WORK INSTRUCTIONS: Only the lines from the one containing "PartyDeco Sidabrinis balionas" to the end of the material are to be copied, exactly and in full; images stay out.

DATA SECTION:
-*-*-

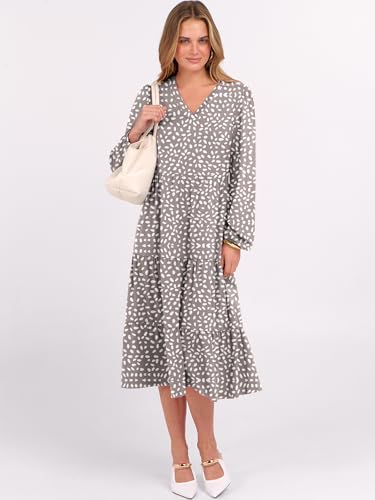 ANRABESS Women's Long Lantern Sleeve Floral Midi Dresses 2026 Spring V Neck Casual Flowy A-line Tiered Boho Vacation Dress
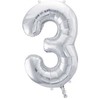 PartyDeco Sidabrinis balionas Skaičius, 86cm, Skaičius: 3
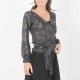Dark grey floral jersey wrap with puffy sleeves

-*-*-

OUTPUT OF THE TASK:
 PartyDeco Sidabrinis balionas Skaičius, 86cm, Skaičius: 3
Dark grey floral jersey wrap with puffy sleeves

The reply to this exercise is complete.